AI Has Exposed India's Oldest Economic Mistake

The recent restrictions on access to advanced AI models have sparked understandable concern.

Many observers have correctly concluded that technological capability is rapidly becoming a central component of national power.

But the episode also exposes a deeper problem.

For decades, India has approached strategic development with a persistent assumption:

The government creates a favorable environment.

The private sector will do the rest.

This approach may work reasonably well for consumer goods, retail services, restaurants, textiles, and many ordinary commercial activities.

It is far less effective when the objective is to build capabilities that determine national technological sovereignty.

Semiconductors.

Advanced manufacturing.

Energy systems.

Aerospace.

Artificial intelligence.

These are not merely industries.

They are strategic capabilities.

The countries that dominate these fields are not waiting for private investment alone to determine outcomes.

They are actively building national capabilities.

China did not become a manufacturing powerhouse by waiting for private incentives to spontaneously generate industrial ecosystems.

The United States did not establish technological leadership through market forces alone.

The internet, GPS, semiconductor research, aerospace technologies, and many foundational innovations emerged from deliberate public investment and strategic coordination.

Yet India repeatedly falls into the same trap.

When capability gaps become visible, the response is often:

"Why isn't the private sector investing?"

The more important question is:

"Why is the State not directly building the capabilities that determine the nation's future?"

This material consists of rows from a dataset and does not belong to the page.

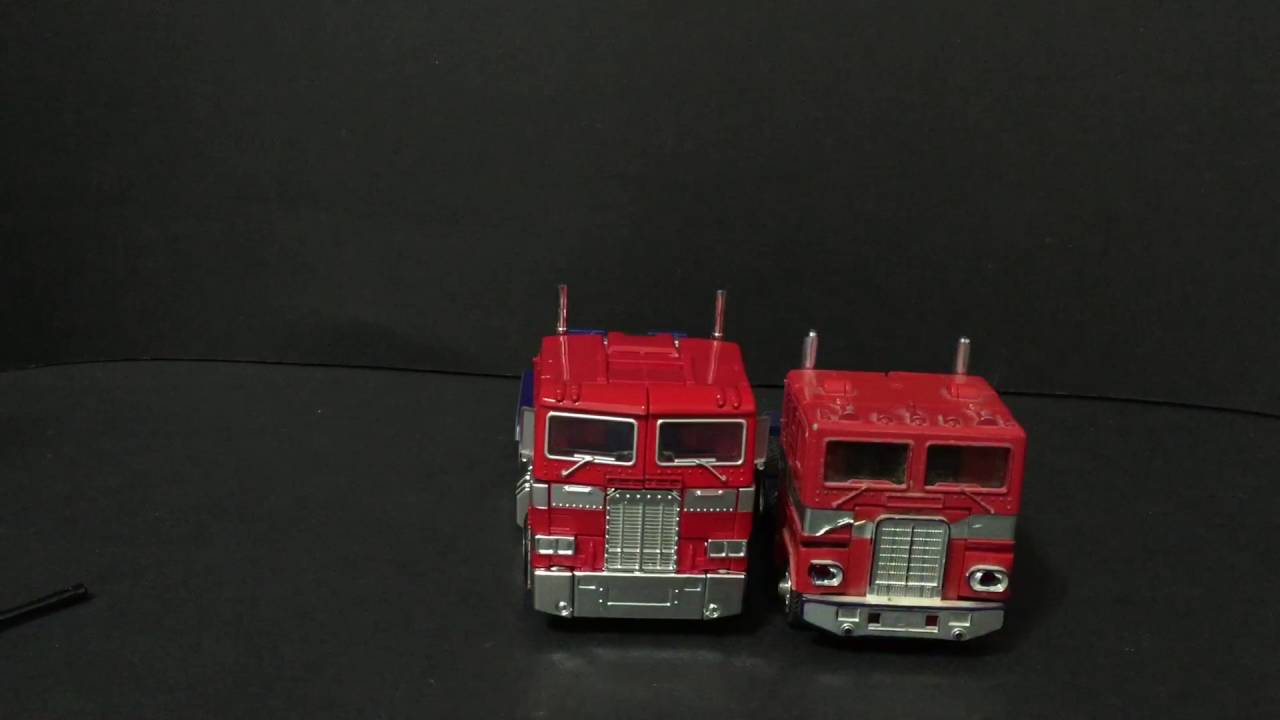 Ku Bian Bao KBBMP10V KO of MP10 Masterpiece Optimus Prime Review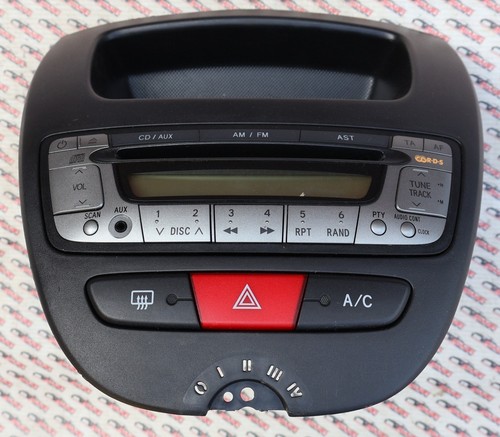 Toyota aygo peugeot 107 - aygo,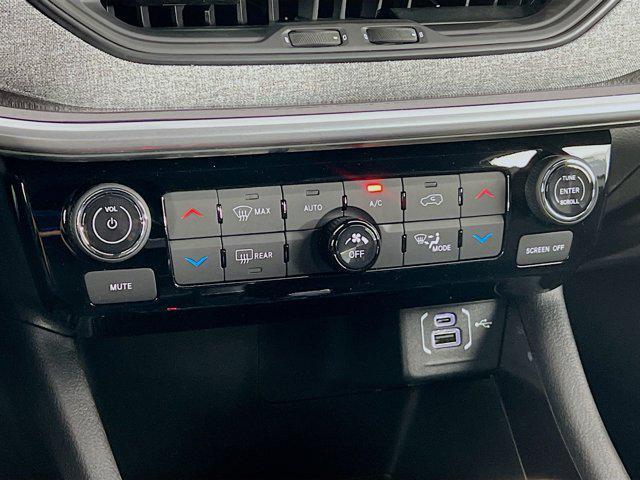new 2025 Jeep Compass car, priced at $30,043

The issue is not whether private enterprise has a role.

It clearly does.

The issue is whether strategic capabilities should depend primarily on private commercial calculations.

A nation of India's scale cannot afford to approach technological sovereignty as a side effect of private profitability.

The lesson from recent events is therefore larger than artificial intelligence.

It is a reminder that productive capacity, technological capability, and national power are deeply connected.

Countries that build capabilities possess options.

Countries that depend on external capabilities do not.

The challenge facing India is not merely to produce better AI models.

It is to rethink the relationship between the State, productive capacity, and national development itself.